Thursday, May 18, 2006

Repeaters Hubs Switches Bridges



Repeaters

One distance limitation in LANs arises because electrical signals become weaker as they travel along a cable. Some LAN technologies allow two cables to be joined together by a device called a repeater. When a repeater detects a signal on one cable, it transmits an amplified signal on the other cable. This is illustrated in Figure 2.

Single repeater
Figure 2: Single repeater

The repeater connects directly to the Ethernet segments, without the use of a transceiver. The maximum size of an Ethernet segment is 500 m, so a single repeater can double the effective length of an Ethernet to 1,000 m. Unfortunately, this cannot be continued indefinitely! The Ethernet standard requires low delay for CSMA/CD to work; if the delay is too large, the scheme fails.

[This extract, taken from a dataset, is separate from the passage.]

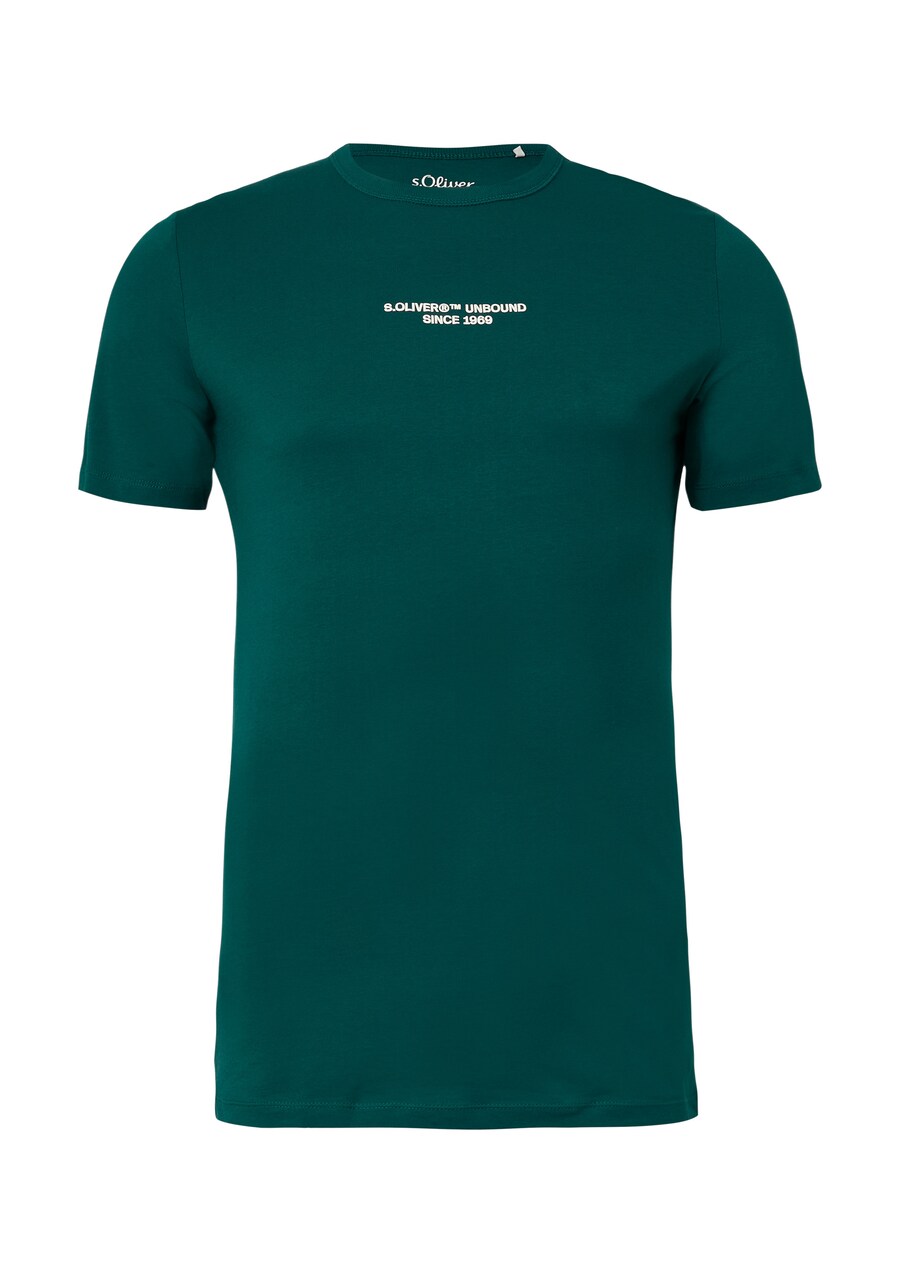 

Футболка s.Oliver, Fir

The inventors of Ethernet envisaged its deployment in an office building with two Ethernet segments on each floor and an additional vertical segment connecting the floors, so they put a limit of four repeaters in an Ethernet. This architecture is illustrated in Figure 3.

Multiple repeaters
Figure 3: Multiple repeaters

In this Figure, no two stations are separated by more than two repeaters. Increasing the sizes of the segments by adding an additional repeater per floor would mean that no two stations are separated by more than four repeaters.

The most important disadvantage of a repeater is that it does not understand frames, it simply amplifies the electrical signal. Therefore, if a collision or electrical interference occurs on one segment, repeaters cause the same problem to occur on all other segments.